With the pictures excluded, output only the lines from the one containing "Paragon 3X18 &" through the last line of the entries, unchanged.

____________

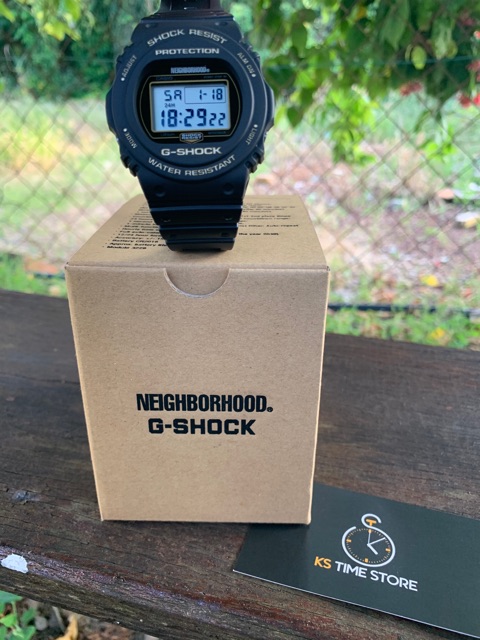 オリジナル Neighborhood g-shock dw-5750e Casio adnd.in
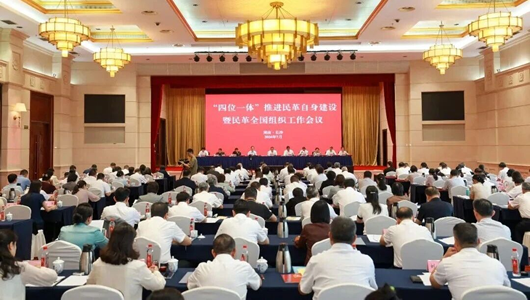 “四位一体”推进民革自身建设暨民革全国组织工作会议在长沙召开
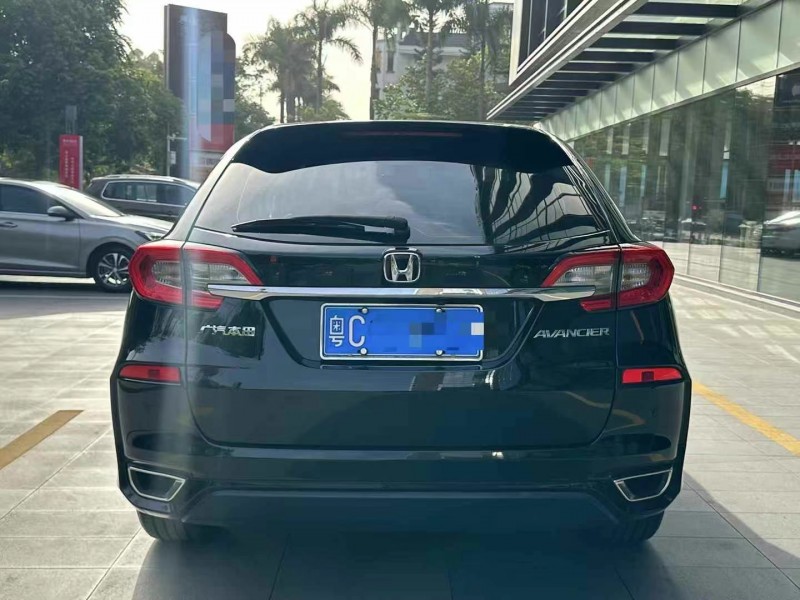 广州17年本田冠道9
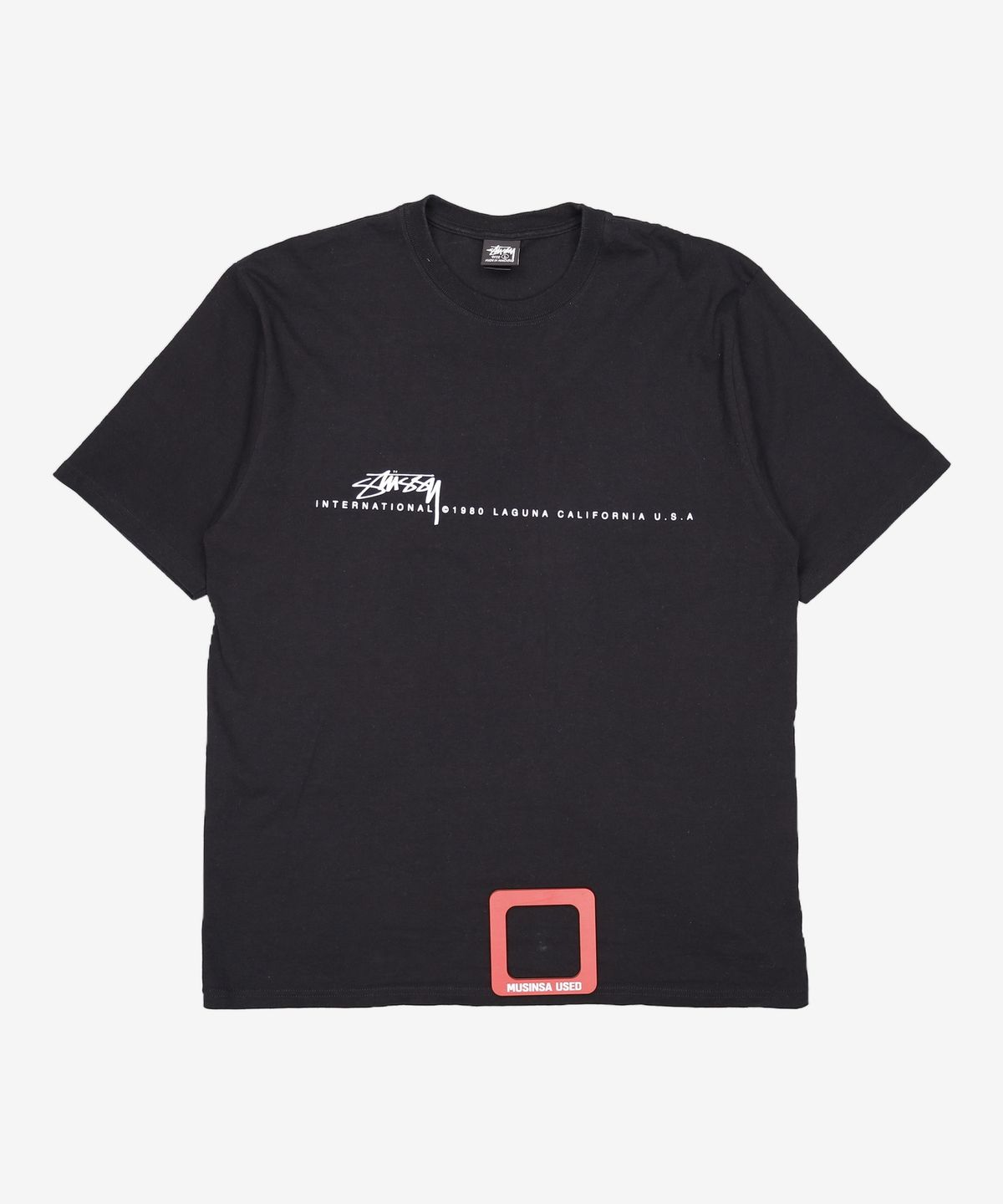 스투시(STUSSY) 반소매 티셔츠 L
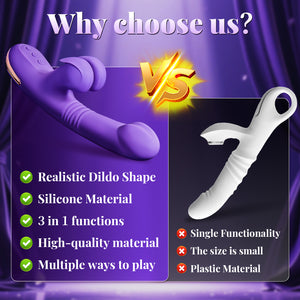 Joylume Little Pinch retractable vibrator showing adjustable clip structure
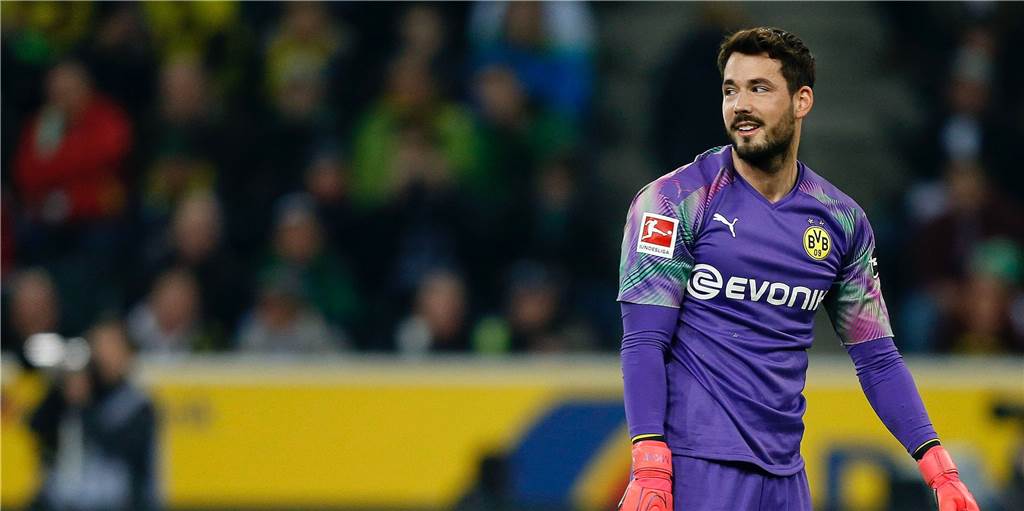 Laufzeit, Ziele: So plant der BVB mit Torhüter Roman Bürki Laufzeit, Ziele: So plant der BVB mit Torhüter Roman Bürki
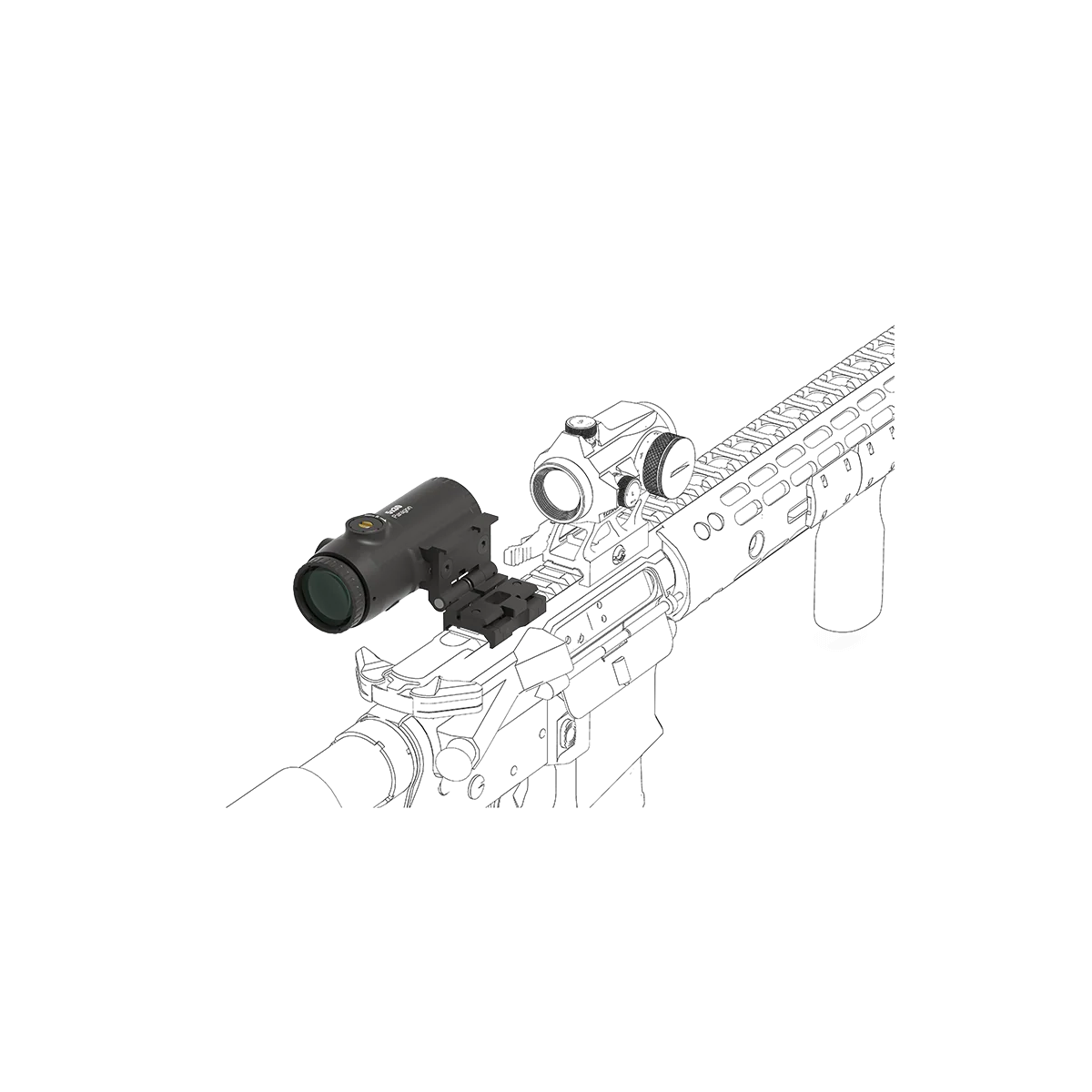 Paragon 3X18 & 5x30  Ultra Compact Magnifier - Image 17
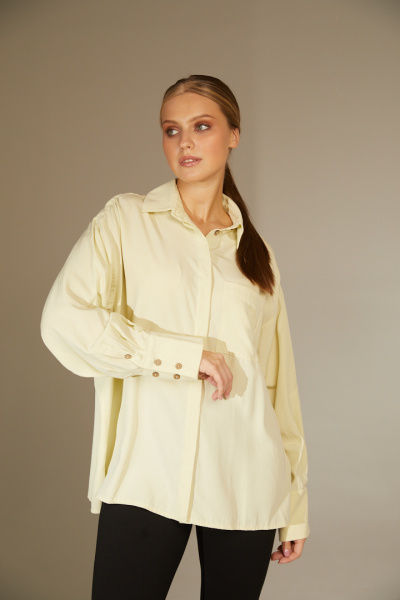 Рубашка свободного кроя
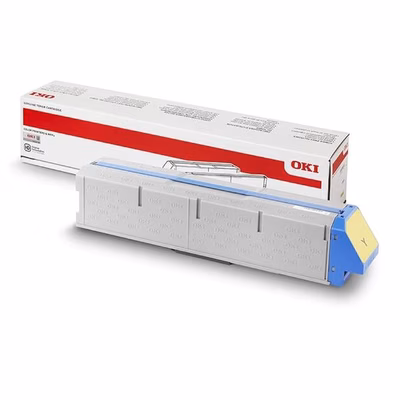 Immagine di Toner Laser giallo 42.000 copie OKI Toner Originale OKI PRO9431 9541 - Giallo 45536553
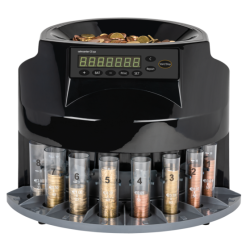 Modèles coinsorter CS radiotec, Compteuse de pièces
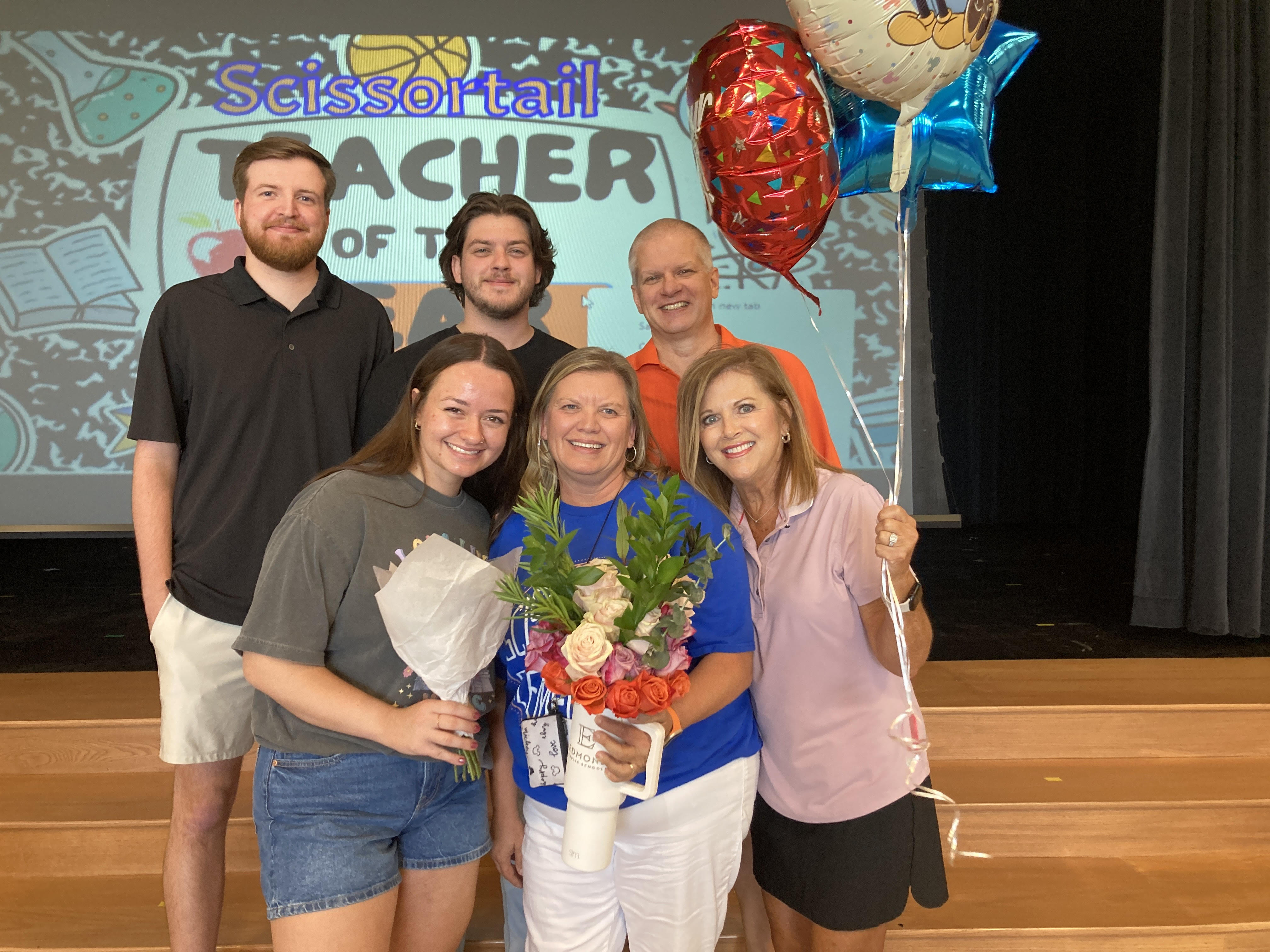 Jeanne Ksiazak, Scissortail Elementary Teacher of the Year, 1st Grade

____________

- **RESPONSE FOR THIS EXERCISE**:
 Paragon 3X18 & 5x30  Ultra Compact Magnifier - Image 17
 Рубашка свободного кроя
 Immagine di Toner Laser giallo 42.000 copie OKI Toner Originale OKI PRO9431 9541 - Giallo 45536553
 Modèles coinsorter CS radiotec, Compteuse de pièces
 Jeanne Ksiazak, Scissortail Elementary Teacher of the Year, 1st Grade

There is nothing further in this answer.